Nesse caso, o valor não pago pelo mutuário é bancado pelo Tesouro Nacional.
Nas faixas 2 e 3 do programa, que inclui famílias com renda de até R$ 5.000, a inadimplência também subiu, de 1,9% para 2,2% nesse intervalo. Apesar de bem inferior ao da faixa 1, o dado está acima da média do mercado, que no mesmo período caiu de 1,8% para 1,7%.
As perdas nessas faixas são assumidas pelo banco que concedeu o empréstimo ao mutuário, como em qualquer financiamento imobiliário.
O aumento dos atrasos entre esses mutuários também levou a Caixa a suspender, em fevereiro, o programa Minha Casa Melhor. Tratava-se de uma linha para compra de móveis e eletrodomésticos com prestações de pouco mais de R$ 100.

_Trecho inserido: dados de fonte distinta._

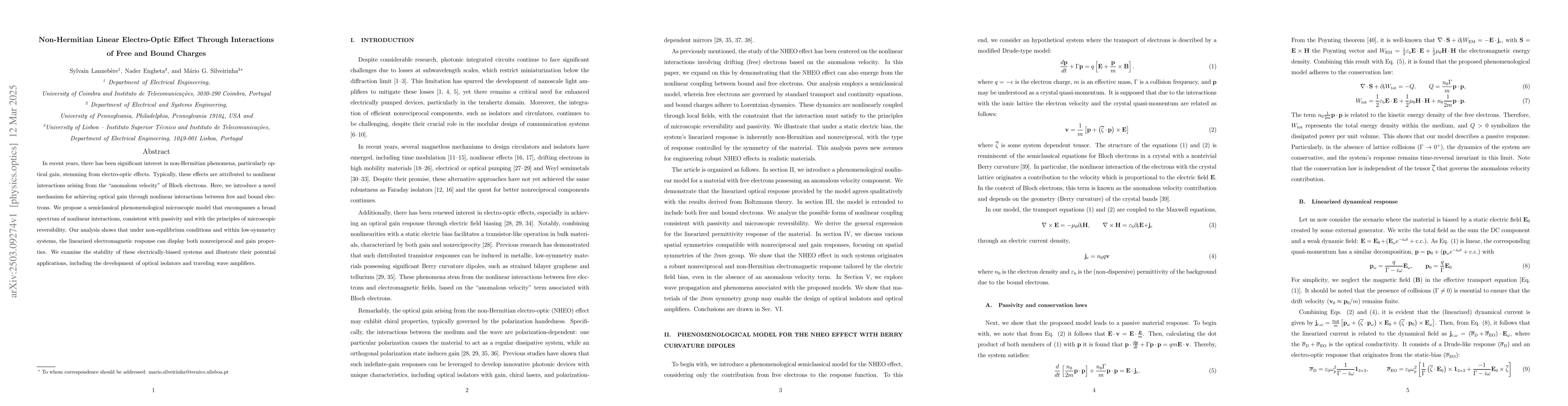 Thumbnail for Non-Hermitian Linear Electro-Optic Effect Through Interactions of Free
  and Bound Charges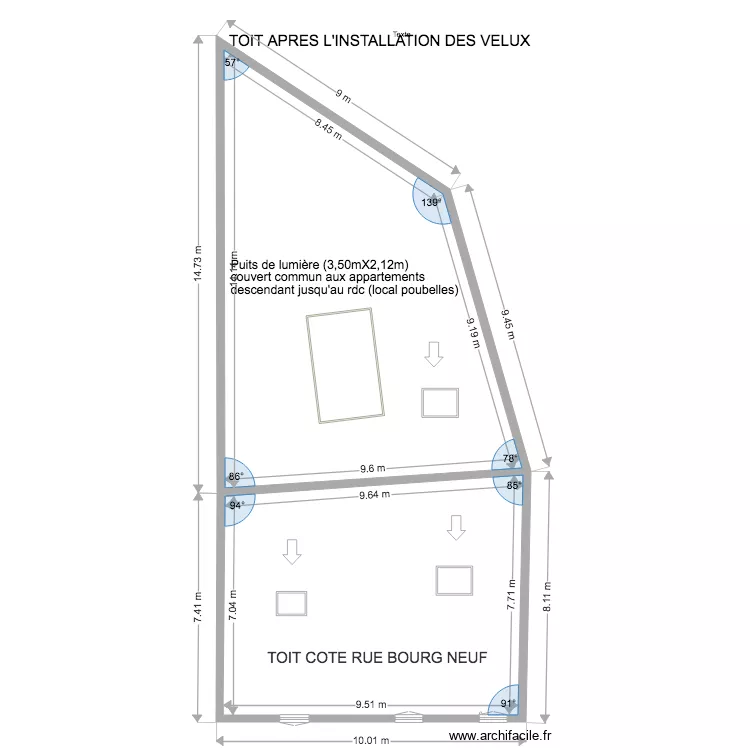                           TOIT  APRES INSTALLATION VELUX. Plan de 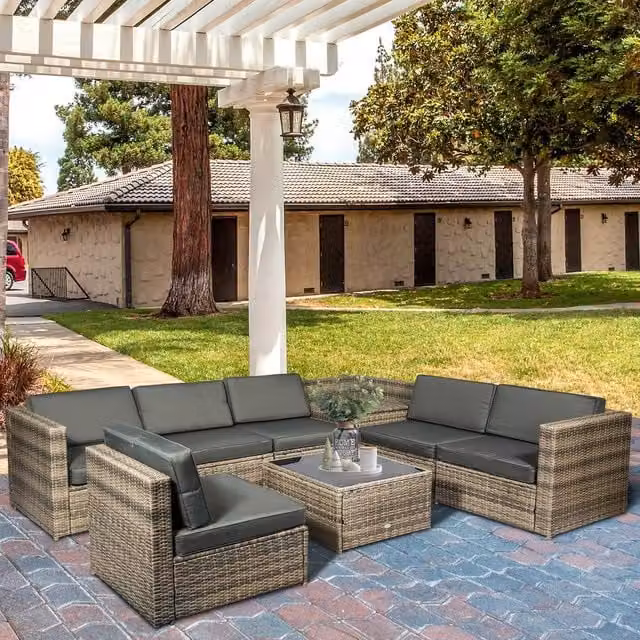 OUTSUNNY 8-Piece Brown Rattan Patio Sofa Set with Cushions and Side Table – 1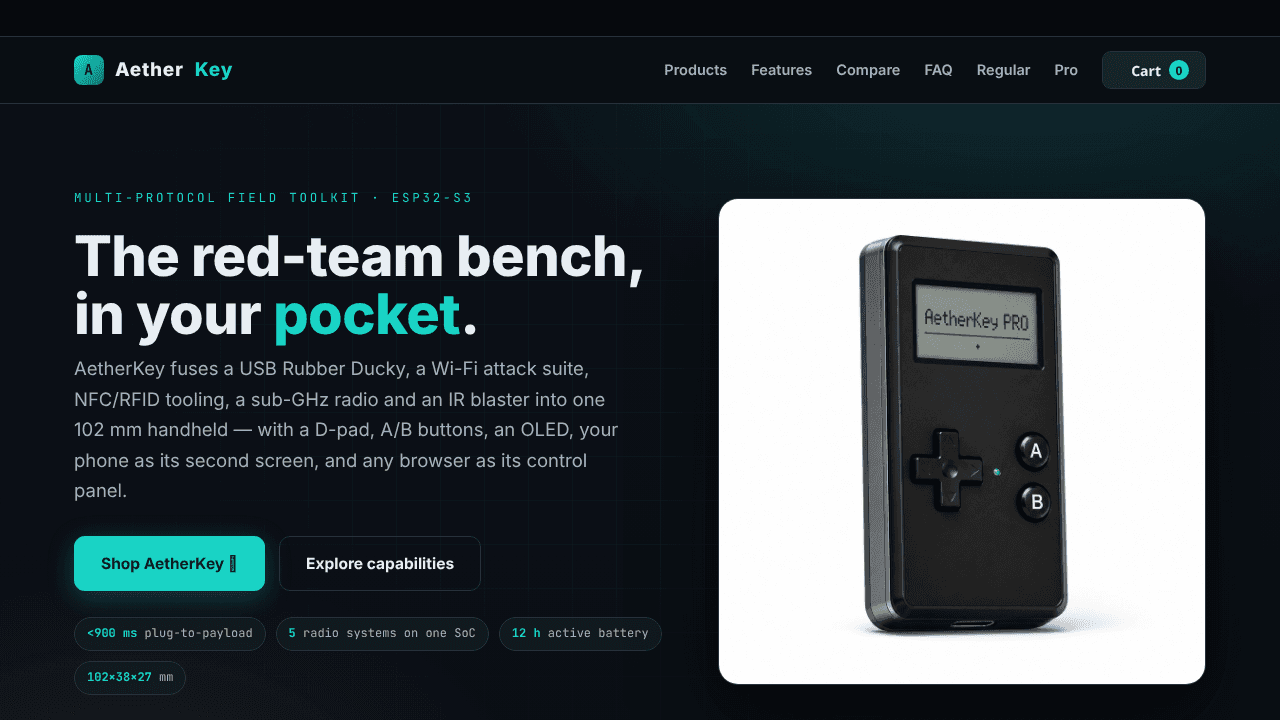 AetherKey - esp32 cores3 Pentesting Unit website screenshot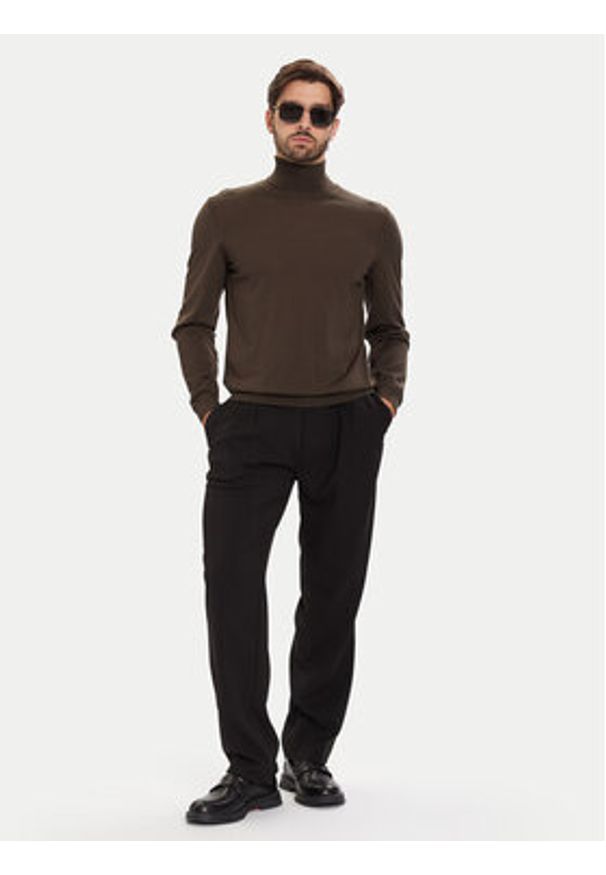 BOSS Golf Musso-P 50468262 Zielony Slim Fit. Typ kołnierza: golf. Kolor: zielony. Materiał: wełna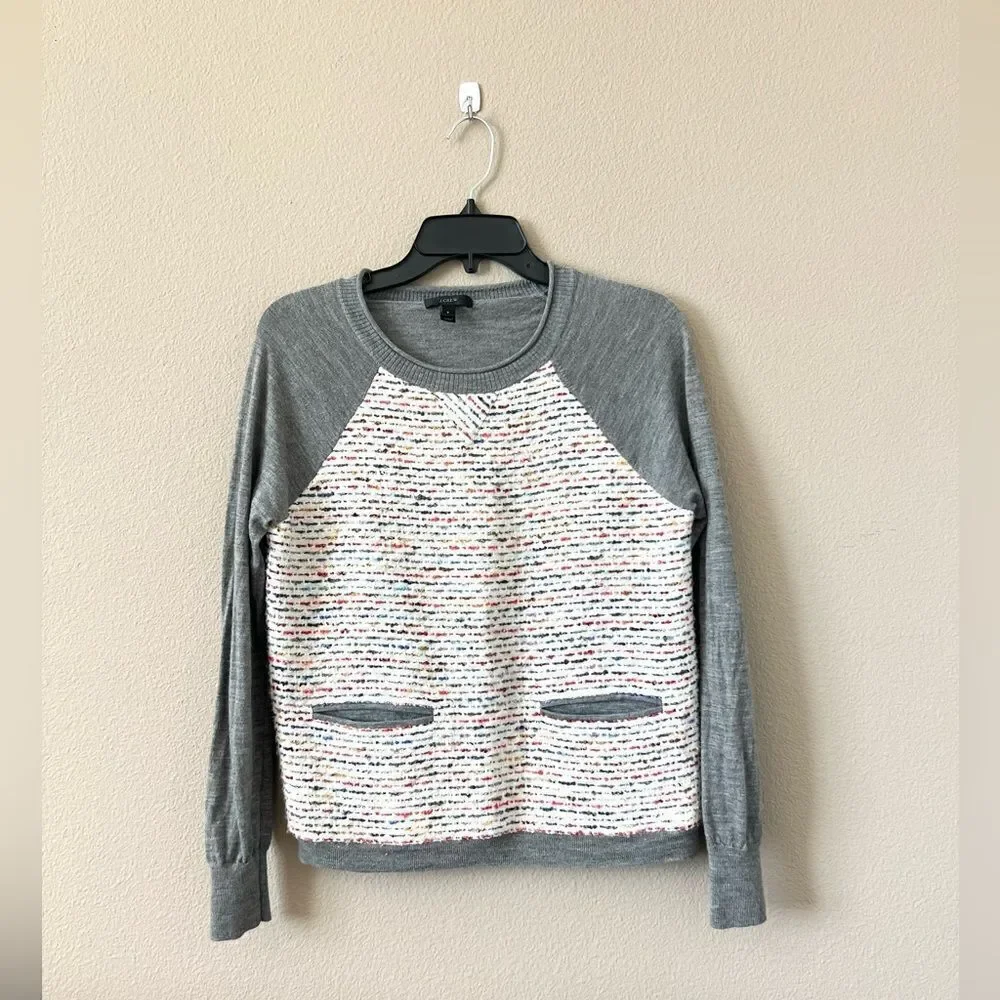 J. Crew Tweed Front Merino Wool Sweater Top
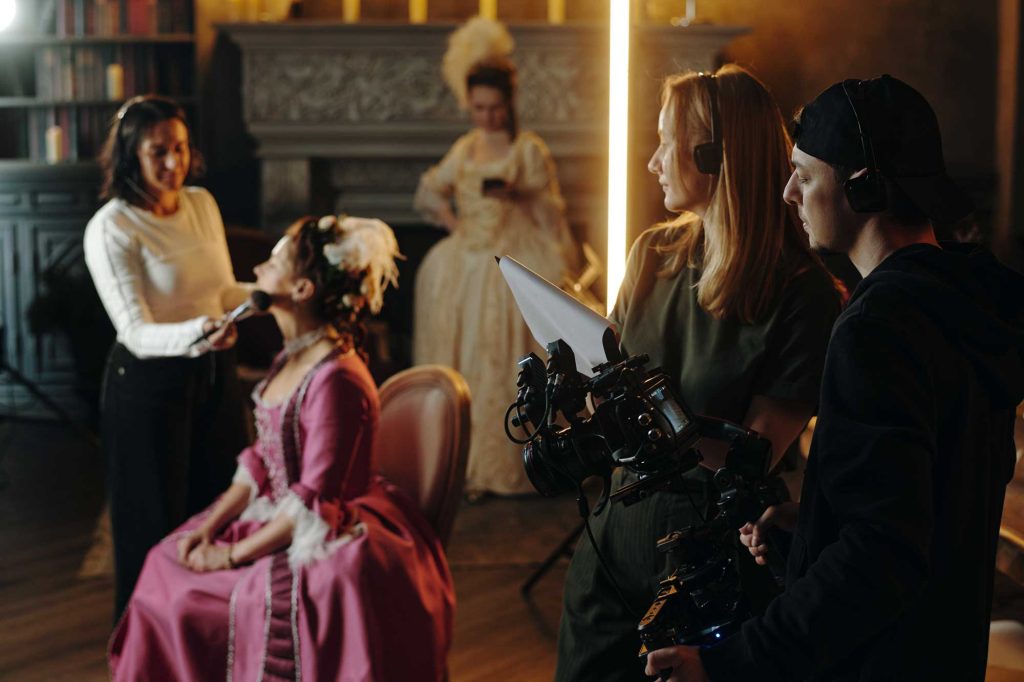 young caucasian woman getting makeup applied durin 2026 01 09 11 53 05 utc film production London SEP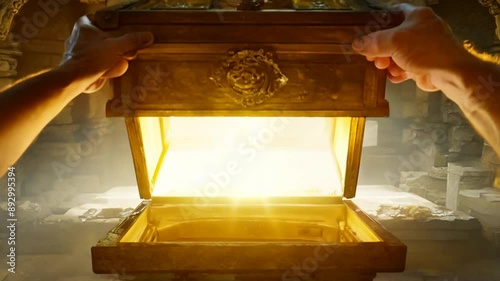 Open an ancient treasure chest that radiated light in old background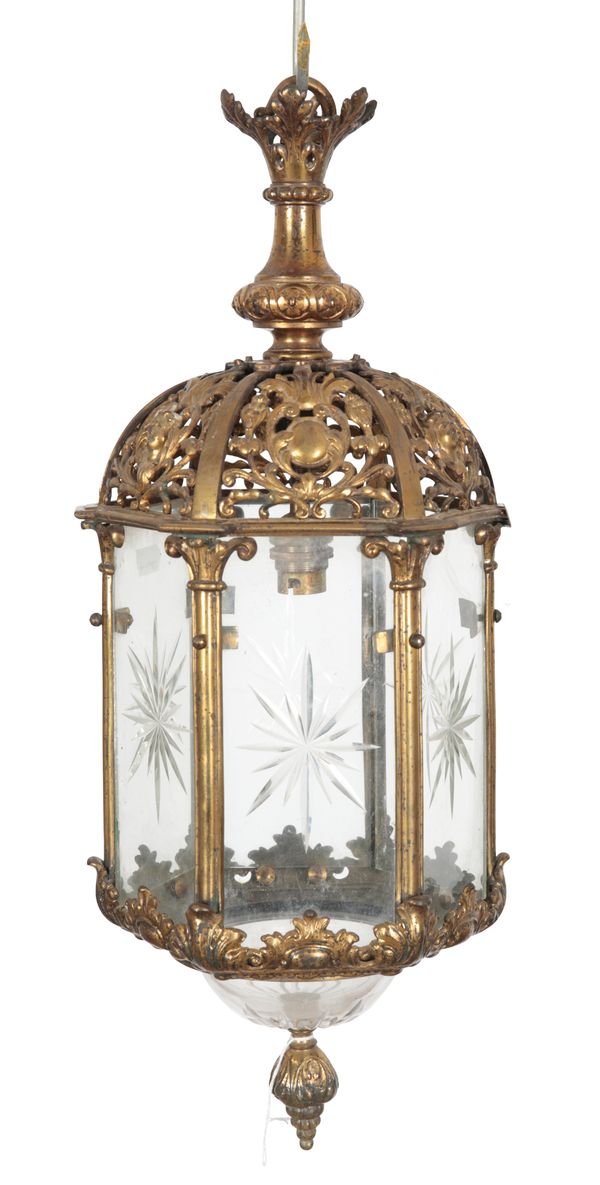 AN EDWARDIAN GILT-METAL AND GLASS PANEL HALL LANTERN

"As pessoas de menor renda são mais suscetíveis a mudanças na economia. Com o aumento do desemprego e a inflação elevada, a tendência é mais inadimplência até essas pessoas conseguirem ajustar o orçamento", afirma o presidente em exercício do Secovi-SP (sindicato da habitação), Flavio Amary.
O coordenador do Centro de Estudos em Microfinanças e Inclusão Financeira da FGV, Lauro Gonzalez, afirma que o cenário econômico favorece a inadimplência, pois essas famílias gastam mais com água, luz e condomínio. Há ainda a perda de renda com a inflação e o desemprego.
FALHAS NO PROGRAMA
Autor de estudos sobre o programa, o professor diz que o nível elevado de atrasos na faixa de menor renda é um problema persistente e que reflete falhas no programa.
Gonzalez afirma que o fato de as pessoas não pagarem uma prestação relativamente baixa, no caso da faixa 1, comprova algo que é verificado pela experiência internacional em microfinanças.
"Quando se cobra um valor muito inferior à capacidade de pagamento, a pessoa enxerga aquela obrigação como um compromisso menos importante", afirma.
Elas priorizam, portanto, o pagamento de outras despesas. Há ainda o fato de que, até hoje, não foram retomados imóveis na faixa 1 por falta de pagamento. "As pessoas têm pouco comprometimento com o pagamento e pouco incentivo para fazê-lo."
Em um momento de aperto de renda, portanto, o programa entra na lista de despesas a serem cortadas.
Gonzalez afirma que a nova fase do programa, prometida pelo governo para este ano, deveria considerar o aumento do comprometimento de renda com as prestações por parte dos que podem contribuir mais (quase 80% das pessoas estão adimplentes), em conjunto com medidas que estimulem o pagamento em dia, para que isso não se reverta em mais atrasos.
O presidente do Secovi-SP diz que a alta inadimplência na faixa de menor renda, mesmo em momentos melhores para a economia, já era esperada. Para ele, a nova fase do programa deve manter a política de altos subsídios pelo governo para cumprir o objetivo de reduzir o deficit habitacional nessas famílias.